Im engen Mittelfeld-Kampf sieht Key sein Team aber nicht ohne Chancen: "Es geht nur um ein paar Zehntel. Wir können das Auto noch besser einstellen. Dann kommen in den nächsten Rennen auch noch Upgrades. Die anderen bringen natürlich auch was. Aber ich denke, dass sie nicht außer Reichweite liegen." Key gab zu, dass das Paket, das man für das erste Rennen geplant hatte, nicht komplett fertig wurde. Wie man hört, soll an den Seitenkästen noch einmal Hand angelegt werden.

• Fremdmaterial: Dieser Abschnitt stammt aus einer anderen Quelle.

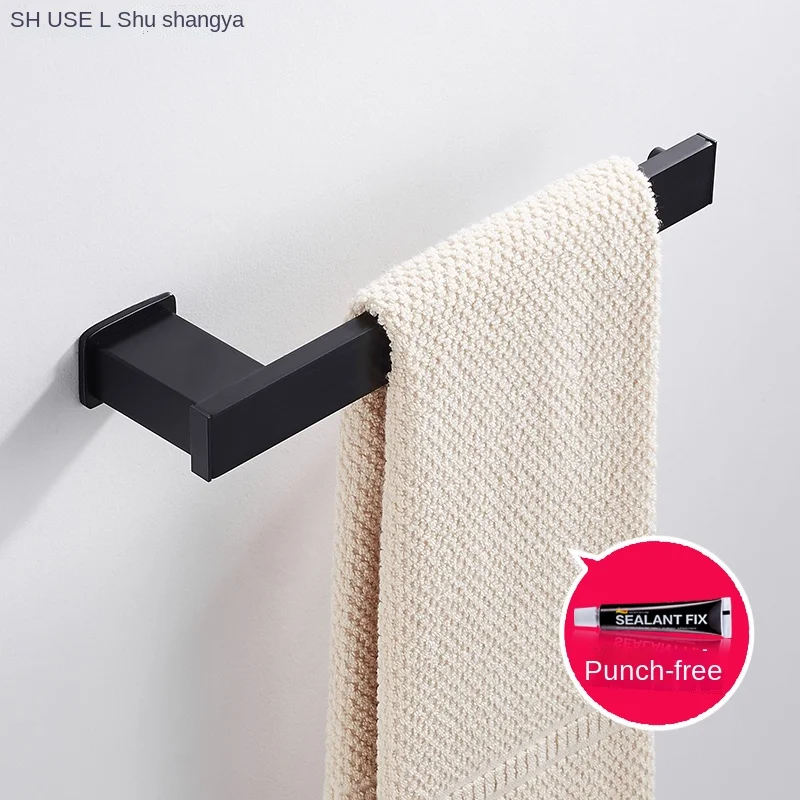 Black Towel Ring Nordic Square Towel Rack Towel Ring Rack Towel Hook Hand Towel Rack European Style Punch-Free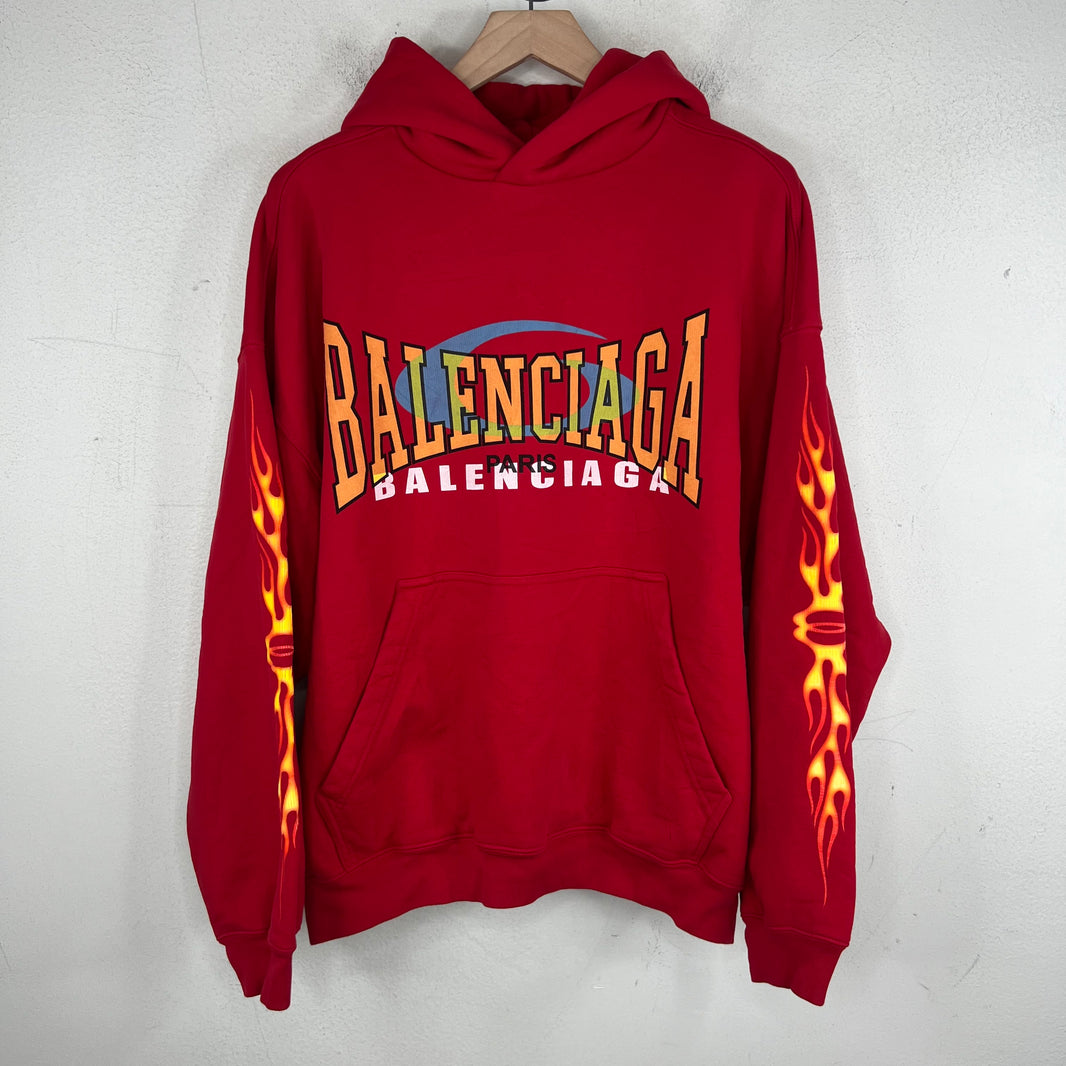 Balenciaga Sample Red Loop Unity Flames Hoodie
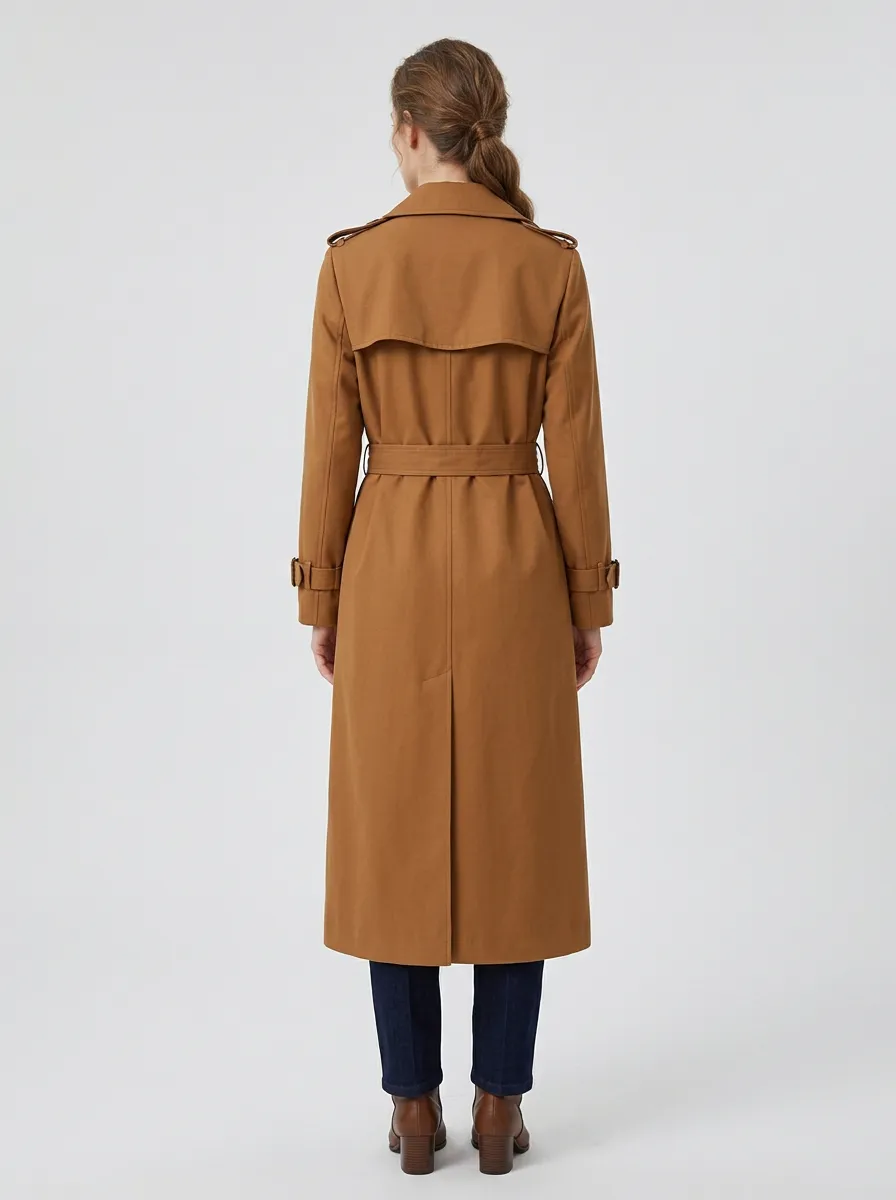 Women's Statement Double-Breasted Belted Classic Long Trench Coat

Die Frage lautet, ob es schon beim China-Grand-Prix zu der erhofften Steigerung kommt. Auf der kurvigen Piste vor den Toren von Shanghai ist eine besonders starke Vorderachse und ein gut ausbalanciertes Auto gefragt. In beiden Punkten hat Sauber noch Nachholbedarf. Zu viel sollte man also trotz des gelungenen Auftakts nicht erwarten.

Nico Hülkenberg gibt den Sauber-Ingenieuren neue Denkanstöße, die das Team in den letzten Jahren nicht hatte.
Brillantes Hülkenberg-Feedback
Ein Sonderlob von Key bekam Neuzugang Hülkenberg für die Leistung in Melbourne. Der Technik-Chef lobt vor allem das gute Feedback, das der Routinier den Ingenieuren liefert: "Nico war bis jetzt wirklich brillant. Mit seiner Erfahrung kann er einem ganz ruhig und klar erklären, was das Auto macht. Das hilft uns extrem weiter. Er hat ein sehr gutes Gefühl dafür, was um ihn herum im Cockpit passiert. Er kann selbst kleine Details spüren und sie sehr gut vermitteln."
Offenbar lag hier auch eine Schwäche in den letzten Jahren, als noch Valtteri Bottas und Guanyu Zhou in den Sauber-Rennern saßen: "So ein gutes Fahrer-Feedback hatte das Team lange nicht", gibt Key zu. "Wir bekommen ganz frische Eindrücke. Das hat dazu geführt, dass wir jetzt in neue Richtungen blicken, an die wir vorher gar nicht gedacht hatten. Leider wird es aber noch etwas dauern, bis man das auch am Auto sieht."